IBM’s Amit Klein blogged in 2013 about two malware families called Tinba and Tilon and how they were going back to basics. He said we are witnessing an interesting trend: Organizations are rolling out advanced malware detection systems that force malware authors to drop some of their more advanced techniques and reuse older techniques that were abandoned years ago. The latest example of this trend is a Zeus variant that was detected by the IBM Security Trusteer research team this month. Using a unique HTML injection mechanism and static mule accounts, this malware is now targeting banks in Eastern Europe by covertly manipulating and performing transactions on the end user’s behalf.
In the last couple of years, many organizations took note of the malware threat and deployed advanced malware detection systems. These new security solutions were familiar with all the latest tricks that malware authors had to offer and contained effective countermeasures. But malware authors (and their criminal clients) did not sit idly by while their attacks were detected and eliminated; they fought back. Here are just three examples of such cases, examining the original criminal threat, the banks’ countermeasure and the criminals’ response to the countermeasure.
Case One
Cyber criminals use stolen user credentials to commit fraud from their own devices. Security solutions then start using device ID and device reputation techniques to identify criminal devices and logins not originating from the known end user’s device. In response, cyber criminals then use Remote Desktop Protocol (RDP) to connect to the victim’s device and commit the fraudulent activity from that trusted device. Device ID solutions see this as the legitimate client’s device and therefore do not generate an alert.
Case Two
Cyber criminals use automatic scripts that create a fraudulent transaction right after an infected user logs in to the account. Security solutions then start performing velocity tests to all transaction pages. If a transaction form is filled out in less than a second, it’s obviously not a human, and the transaction is challenged or declined. In response, cyber criminals create automatic scripts with a “slow-fill” function that fills out the transaction form in a humanlike way (characters are entered by the script with intervals of 0.1-2 seconds). Velocity tests view the automated script as human and do not generate an alert.
Case Three
Cyber criminals use HTML injections to display additional fields to victims, who fill them out and provide the attackers with more data. Security solutions then compare page input fields to determine if the user is submitting data the bank did not ask for. In response, cyber criminals use malware to inject full pages to the victim rather than alter the original bank page. Effectively, the user is unknowingly filling out a malware-generated page and not communicating with the bank’s website. The bank then only sees the fields expected and does not generate an alert.
The Zeus Variant
The IBM Security Trusteer research team recently identified a Zeus variant that uses a rather curious method to overcome malware detection solutions. This particular variant targets an Eastern European bank, whose transaction form contains typical data fields such as the paying account, transaction amount, beneficiary account, beneficiary name, beneficiary address and a transaction title. An HTML injection is applied to the transaction page that changes the HTML form field names of the beneficiary account number, name, address and transaction data (while leaving the source account field names and transaction amount field names unchanged). This Zeus variant also injects mule account data with the correct field names instead of the altered fields. The victim fills in the transaction details (at the HTML level, the field names for some data are incorrect), submits the form and the bank receives a HTTP request for the transaction only with the correct fields that now specify a receiving mule account.

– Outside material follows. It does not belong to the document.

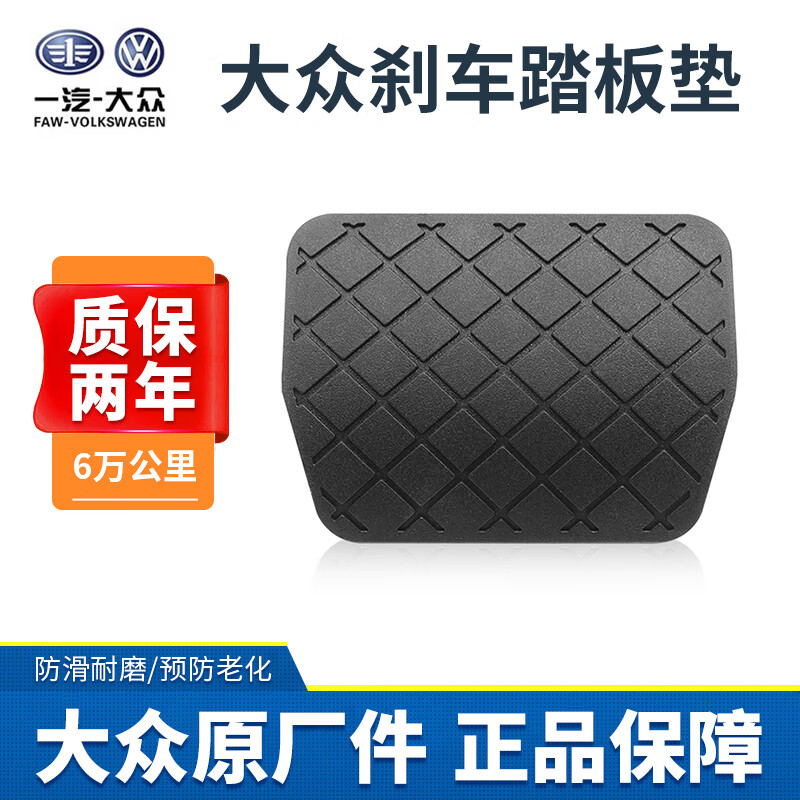 Volkswagen 大众 自动刹车踏板胶套脚垫防滑垫迈腾速腾CC途观朗逸帕萨特途安刹车垫 自动挡-刹车踏板垫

To recap, the malware uses a hard-coded HTML injection (with static mule account information) to perform fraudulent transactions. This technique, though simple and generally uninvolved, offers two advantages over JavaScript (JS) HTML injection: Fewer “moving parts” (dynamic scripts) means tougher detection for antivirus and anti-malware solutions, and it works on browsers whose users disabled JS for security reasons. Simple and crude — but effective.
Just as users, organizations and security solutions study and adapt to new threats, malware authors remain stealthy by learning new security tactics. IBM Security Trusteer Rapport can detect, mitigate and remove this and other Zeus variants from infected devices. In addition, IBM Security Trusteer Pinpoint Malware Detection can effectively identify and warn organizations of malware-infected devices that attempt to log in and conduct transactions with their website.